Data supplied ->

=====

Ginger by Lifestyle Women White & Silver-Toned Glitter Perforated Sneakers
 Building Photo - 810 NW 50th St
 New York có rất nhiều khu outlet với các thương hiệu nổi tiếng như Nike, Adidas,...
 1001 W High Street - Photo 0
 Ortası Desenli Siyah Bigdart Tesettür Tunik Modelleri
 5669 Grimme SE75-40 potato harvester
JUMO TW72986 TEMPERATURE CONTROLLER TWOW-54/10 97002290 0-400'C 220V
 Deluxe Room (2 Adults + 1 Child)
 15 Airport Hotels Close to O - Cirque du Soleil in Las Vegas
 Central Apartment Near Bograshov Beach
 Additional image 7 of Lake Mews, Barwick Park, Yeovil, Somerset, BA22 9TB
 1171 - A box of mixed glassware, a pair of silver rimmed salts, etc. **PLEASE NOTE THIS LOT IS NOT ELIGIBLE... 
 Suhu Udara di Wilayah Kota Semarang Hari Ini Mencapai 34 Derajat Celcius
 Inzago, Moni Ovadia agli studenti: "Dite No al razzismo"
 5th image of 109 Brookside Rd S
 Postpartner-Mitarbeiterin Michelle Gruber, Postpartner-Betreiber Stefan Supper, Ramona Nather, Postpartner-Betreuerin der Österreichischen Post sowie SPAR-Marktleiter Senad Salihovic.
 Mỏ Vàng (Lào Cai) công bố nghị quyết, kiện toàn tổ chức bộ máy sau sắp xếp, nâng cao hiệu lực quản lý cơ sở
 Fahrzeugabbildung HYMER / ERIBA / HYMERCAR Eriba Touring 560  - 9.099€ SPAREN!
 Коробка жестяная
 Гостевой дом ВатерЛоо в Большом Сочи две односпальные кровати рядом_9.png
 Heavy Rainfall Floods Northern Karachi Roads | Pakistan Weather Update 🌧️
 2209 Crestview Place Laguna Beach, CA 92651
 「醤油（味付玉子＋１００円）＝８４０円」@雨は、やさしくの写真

=====

Problem to solve -> The answer is a portion of the data. Write out exactly the line with "Fahrzeugabbildung HYMER /" and all lines after it.

Expected answer ->
 Fahrzeugabbildung HYMER / ERIBA / HYMERCAR Eriba Touring 560  - 9.099€ SPAREN!
 Коробка жестяная
 Гостевой дом ВатерЛоо в Большом Сочи две односпальные кровати рядом_9.png
 Heavy Rainfall Floods Northern Karachi Roads | Pakistan Weather Update 🌧️
 2209 Crestview Place Laguna Beach, CA 92651
 「醤油（味付玉子＋１００円）＝８４０円」@雨は、やさしくの写真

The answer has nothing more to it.